▶ [Directions]:
Repeat exactly the lines below from the line that contains "封阳台塑钢材料及价格_封阳台价格_汽车底盘封塑价格" to the last line, inclusive, without the pictures.
-- Supplied data follows --
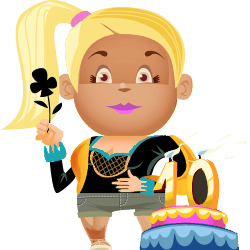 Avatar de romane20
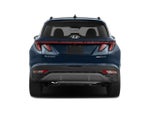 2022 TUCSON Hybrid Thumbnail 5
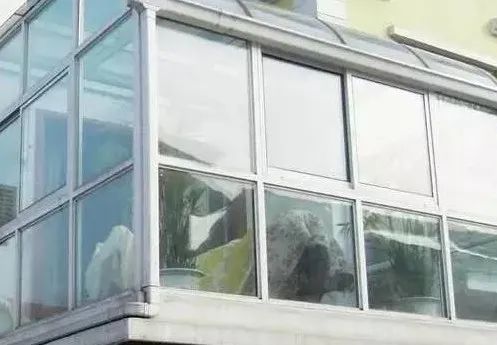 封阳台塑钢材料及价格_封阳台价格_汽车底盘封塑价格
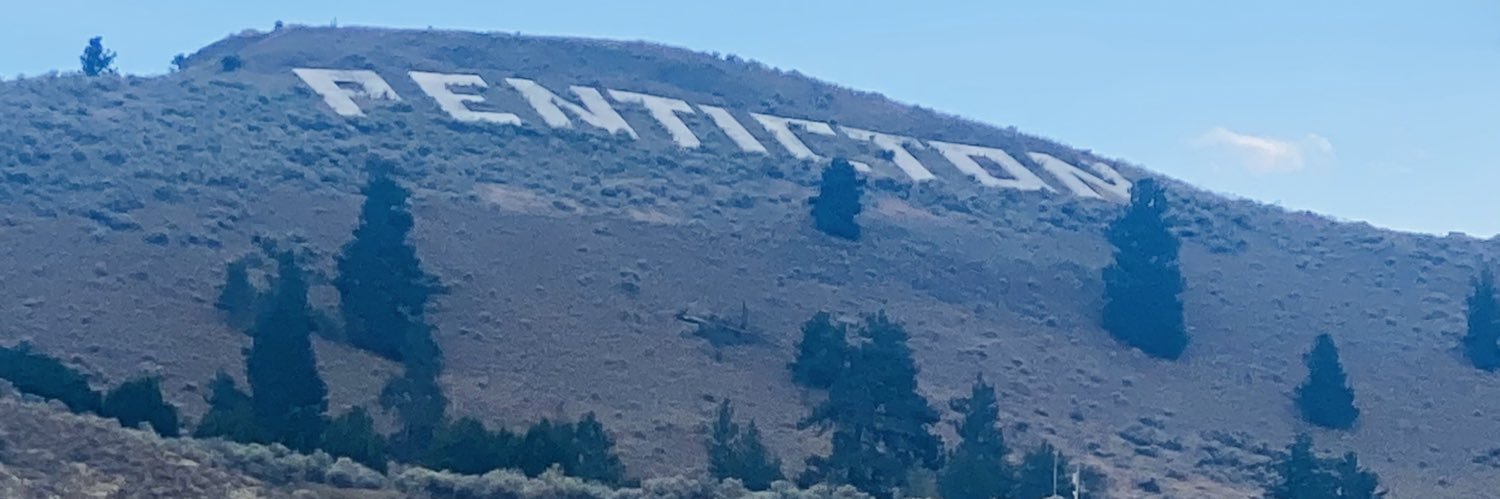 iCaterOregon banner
-- Supplied data concluded --
▶ [Solution to the exercise]:
 封阳台塑钢材料及价格_封阳台价格_汽车底盘封塑价格
 iCaterOregon banner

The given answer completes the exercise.